With British Summer Time soon drawing to a close and the nights drawing in, now is the perfect time to start thinking about protecting your property.
Whether you are selling your house or preparing to move into a new home, safety and security are paramount.
Home Office crime figures (2010-2011) show a 14 per cent increase in domestic burglary levels – according to the most recent British Crime Survey on the subject.
So don’t give the burglars any opportunity to strike when the clocks go back.
Independent estate agents and valuers Harrison Murray have some practical tips and advice.
Development director Jackie Scotten said: “As we move further into autumn and winter, the days and nights are obviously getting darker, but we aren’t suggesting that people live in fear.
“It is simply about adopting a practical, common sense approach in assessing safety measures in your existing or new home.”
Lighting. Consider installing motion-sensitive lighting fixtures above front doors, porches, garage doors and entrances to back gardens. Fit timers to indoor lights when you are out for the evening or going on holiday.
Codes. If you are moving into a new property, familiarise yourself with the alarm and set a new passcode.
Securely bolt or padlock side/ back gates.
Be letterbox aware. As vehicle theft becomes more sophisticated and often to order, thieves turn to letterboxes to obtain keys. Make sure you put these and other valuables out of easy reach and sight of the front door.
Put your mark on valuables with a UV pen – a discreet way to identify your items if they are stolen.
Sheds. Many sheds are used to store cycles, garden equipment and tools. Ensure you have a sturdy padlock on your shed door. The same goes for your garage.

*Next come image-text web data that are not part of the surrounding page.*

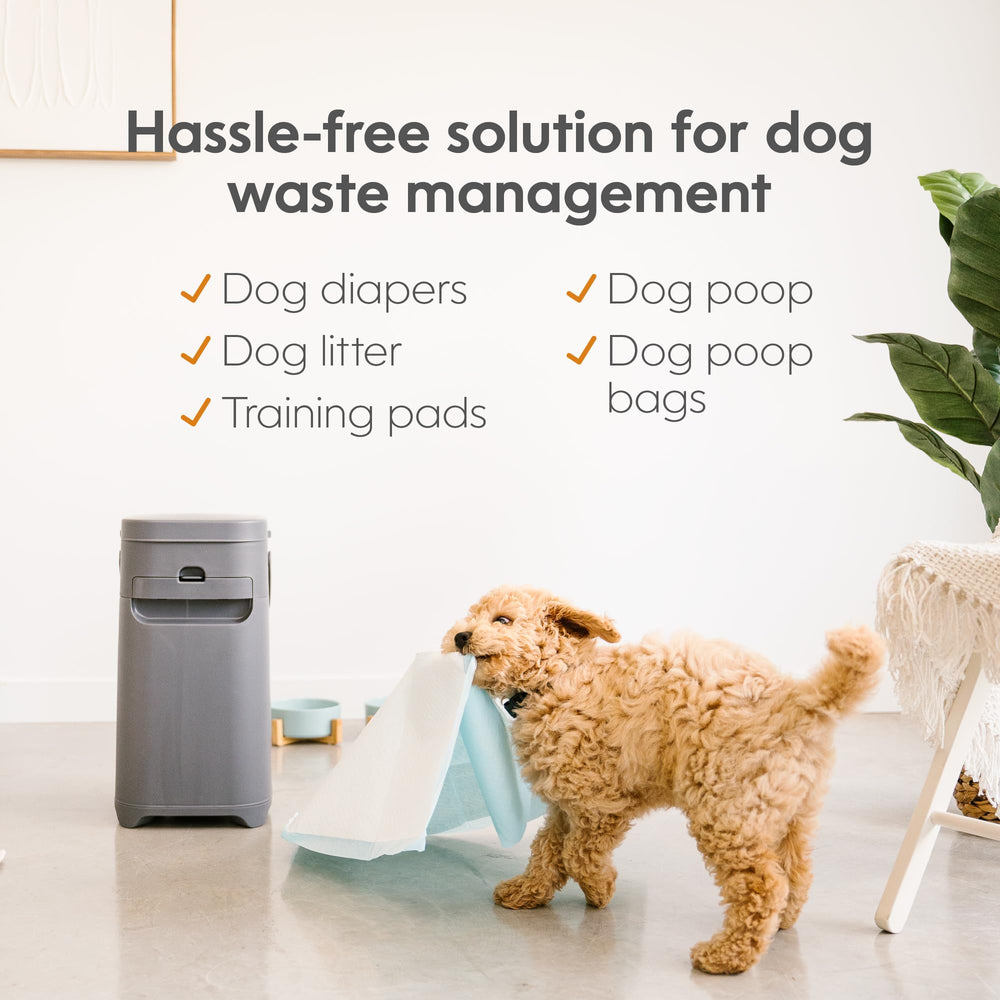 Pet Genie Pail top-handle-secures-lid enables easy carry and prevents accidental opening.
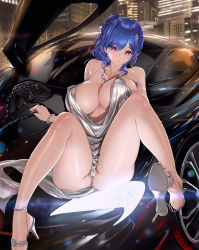 Rule 34 | 1girl, azur lane, bag, blue hair, blue nails, breasts, car, dress, evening gown, halter dress, halterneck, handbag, highres, jewelry, large breasts, looking at viewer, mhk (mechamania), motor vehicle, nail polish, necklace, on vehicle, panties, partially visible vulva, purple eyes, revealing clothes, shoe dangle, silver dress, sitting, solo, st. louis (azur lane), st. louis (luxurious wheels) (azur lane), underwear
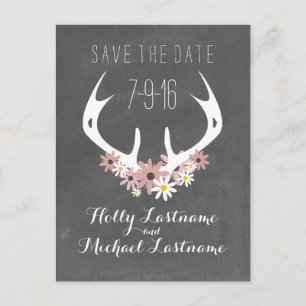 Carte Postale Faire-part Antlers Floraux + Chalkboard Inspiré Enregistrer L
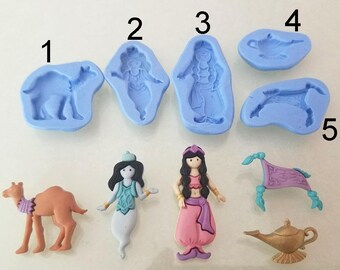 Silicone molds, Aladdin theme.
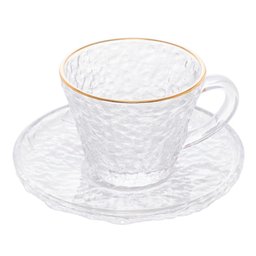 Xícara Cristal Martelado P/Chá C/Pires E Borda Dourada 180Ml - 1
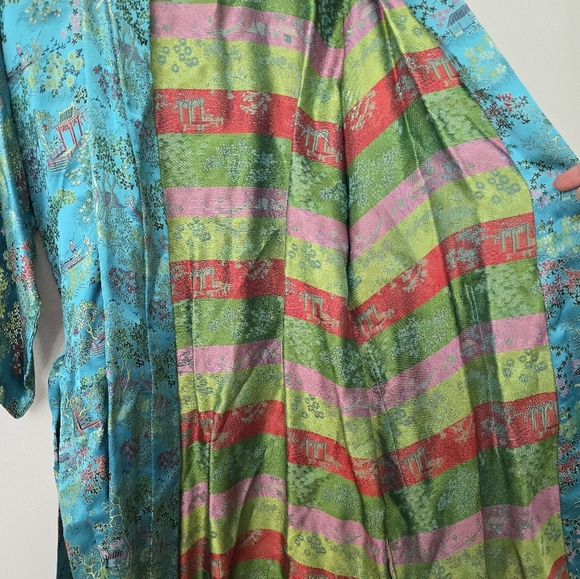 Peony Brand Kimono Robe Womens S Blue Satin Shanghai Vintage Chinese Jacket - Picture 7 of 14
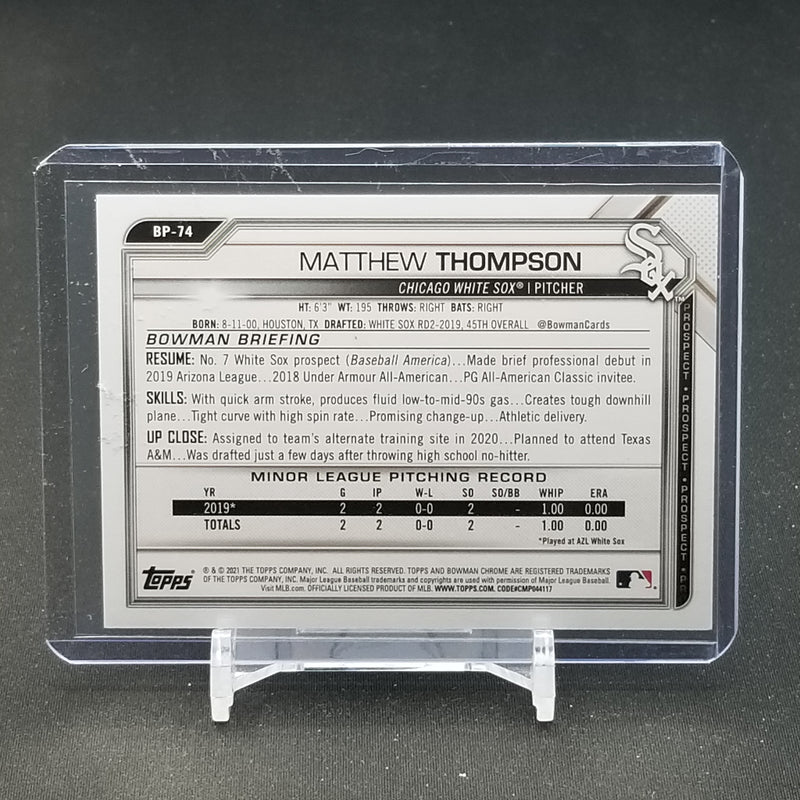 2021 TOPPS BOWMAN - YELLOW - M. THOMPSON - #BP-74 - #'D/75
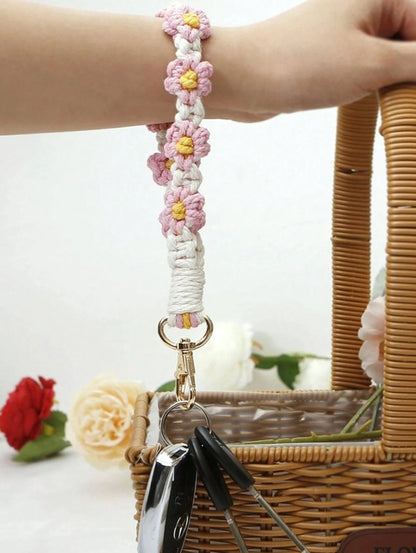 Crochet Flower Keychain Wristlet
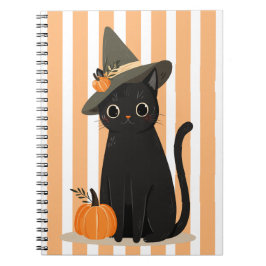Cute Halloween Black Cat with Witch Hat Pumpkin ノートブック
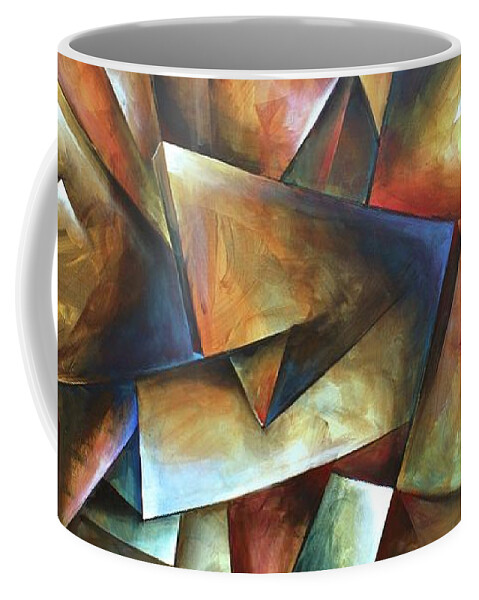 Abstract Coffee Mug featuring the painting The Wall by Michael Lang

Don’t get caught out online. Be careful about what personal information you divulge on social media. Opportunist thieves are turning to Facebook and Twitter to target unsuspecting victims, so don’t give too much information away regarding your whereabouts. Never reveal that your property is empty
Be a good neighbour and join the local Neighbourhood Watch group. If you are new to the area, this is also a great way of getting to know your neighbourhood and meeting new people.